* What the exercise asks *
Two lines mark the range in the entries below: the one holding "HUMAN RIGHTS |TOP" and the one holding "Vintage Delft Blue Windmill Plate". Set down those two and all lines between them, exactly.
━━━ Raw data ━━━
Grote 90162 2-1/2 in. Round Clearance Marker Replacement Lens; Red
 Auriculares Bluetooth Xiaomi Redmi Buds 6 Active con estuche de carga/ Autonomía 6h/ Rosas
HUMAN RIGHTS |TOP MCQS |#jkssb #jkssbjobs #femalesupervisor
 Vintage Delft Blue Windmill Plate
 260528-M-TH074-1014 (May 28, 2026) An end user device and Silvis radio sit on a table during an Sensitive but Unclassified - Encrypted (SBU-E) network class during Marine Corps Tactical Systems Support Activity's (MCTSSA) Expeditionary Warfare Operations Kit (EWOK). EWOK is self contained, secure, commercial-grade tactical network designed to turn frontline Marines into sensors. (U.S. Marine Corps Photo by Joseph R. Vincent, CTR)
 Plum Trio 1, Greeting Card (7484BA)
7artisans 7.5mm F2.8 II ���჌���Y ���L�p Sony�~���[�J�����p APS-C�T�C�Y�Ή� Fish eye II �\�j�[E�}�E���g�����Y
━━━
* Result *
HUMAN RIGHTS |TOP MCQS |#jkssb #jkssbjobs #femalesupervisor
 Vintage Delft Blue Windmill Plate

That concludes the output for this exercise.